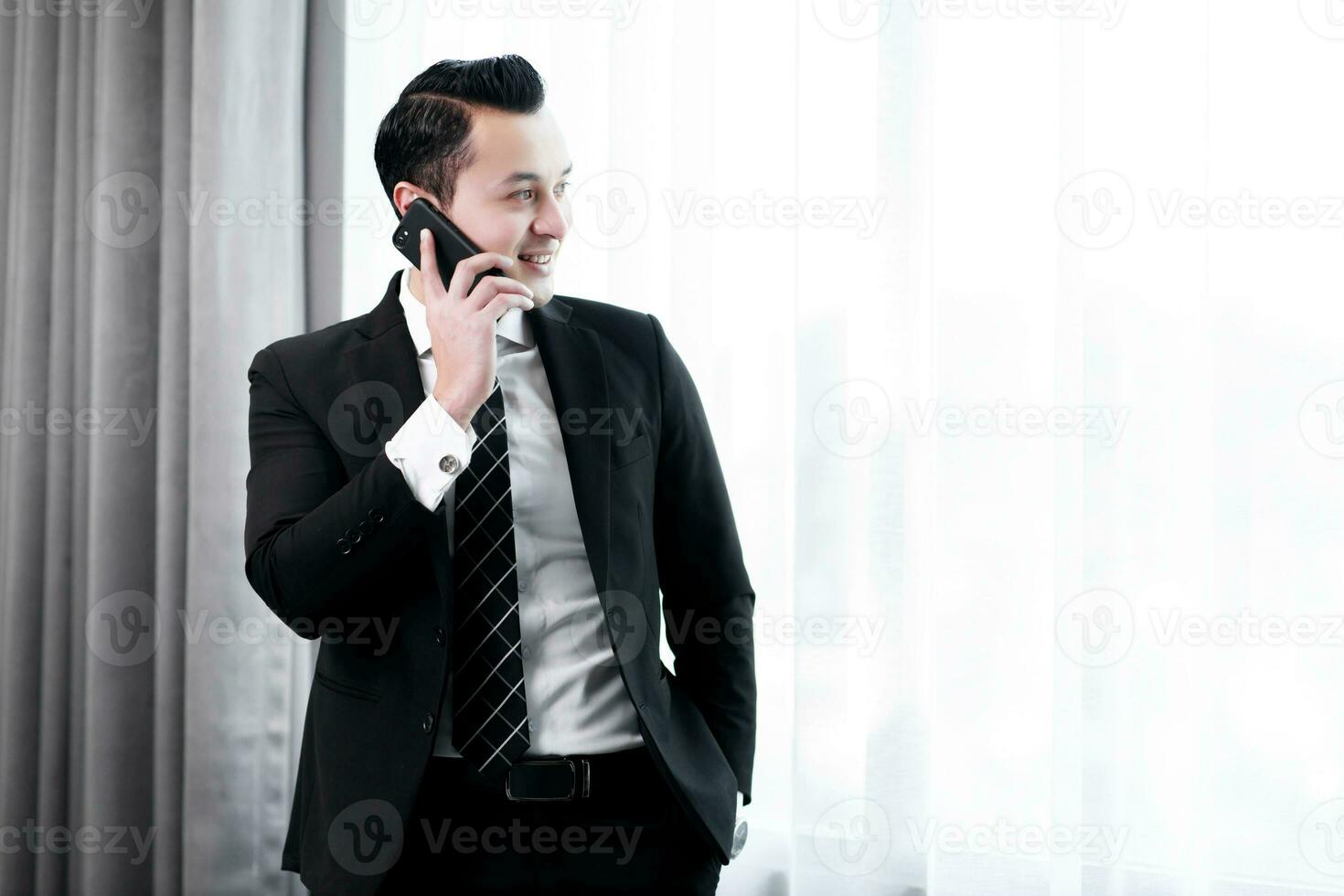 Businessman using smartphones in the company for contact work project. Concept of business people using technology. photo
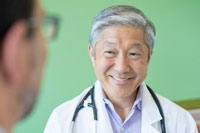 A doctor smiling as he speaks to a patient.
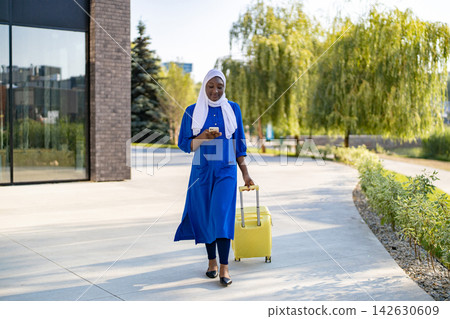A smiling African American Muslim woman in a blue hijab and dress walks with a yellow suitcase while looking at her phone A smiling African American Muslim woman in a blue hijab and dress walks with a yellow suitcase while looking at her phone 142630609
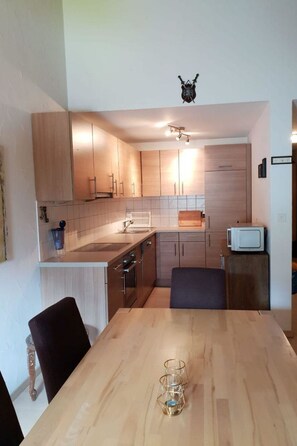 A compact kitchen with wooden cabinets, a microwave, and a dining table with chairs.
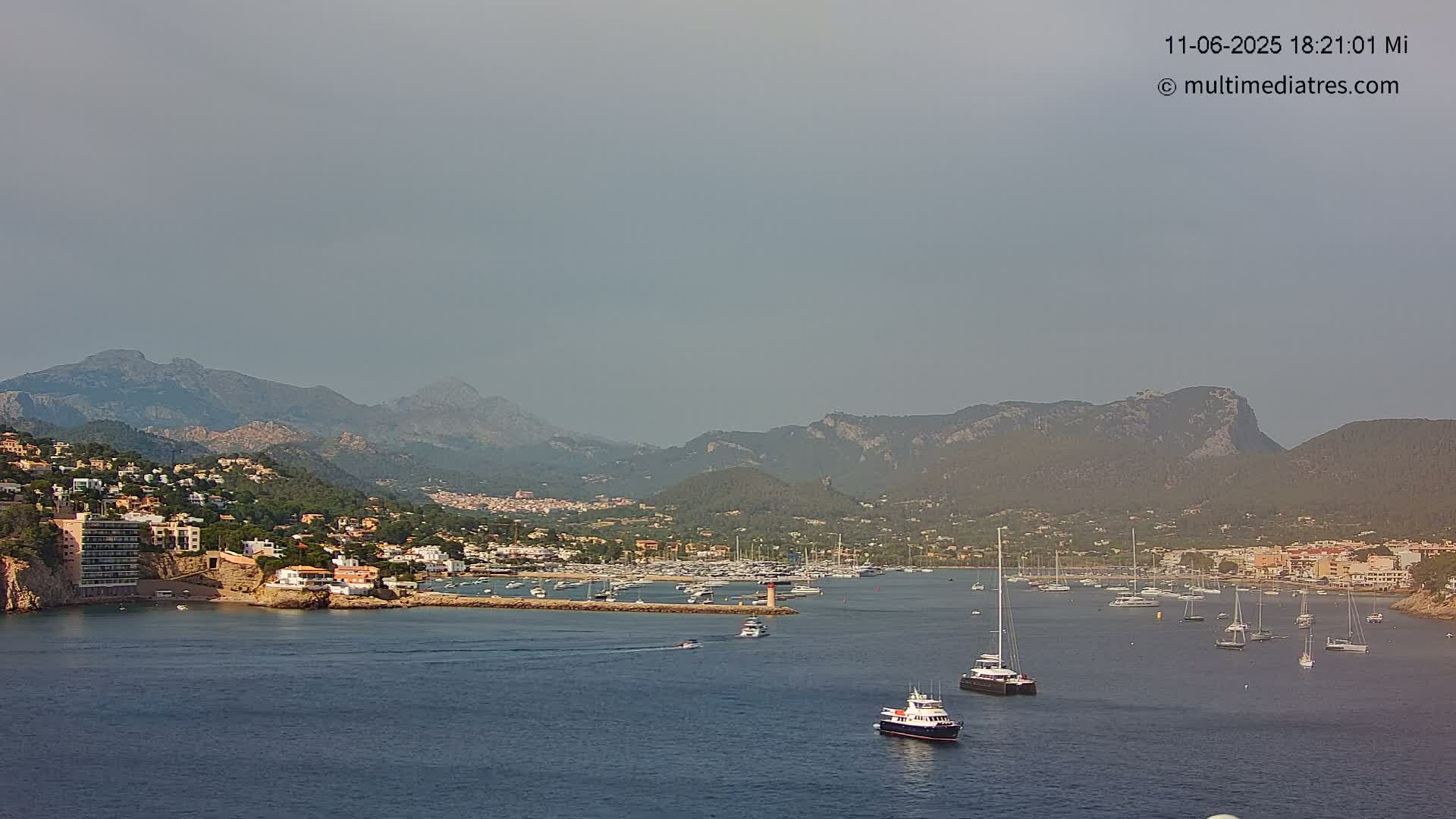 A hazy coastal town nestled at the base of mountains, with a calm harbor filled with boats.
☆ ☆ ☆ ☆ ☆
Should a record include a picture, drop the picture and write out the remainder exactly.

 Businessman using smartphones in the company for contact work project. Concept of business people using technology. photo
 A doctor smiling as he speaks to a patient.
A smiling African American Muslim woman in a blue hijab and dress walks with a yellow suitcase while looking at her phone A smiling African American Muslim woman in a blue hijab and dress walks with a yellow suitcase while looking at her phone 142630609
 A compact kitchen with wooden cabinets, a microwave, and a dining table with chairs.
 A hazy coastal town nestled at the base of mountains, with a calm harbor filled with boats.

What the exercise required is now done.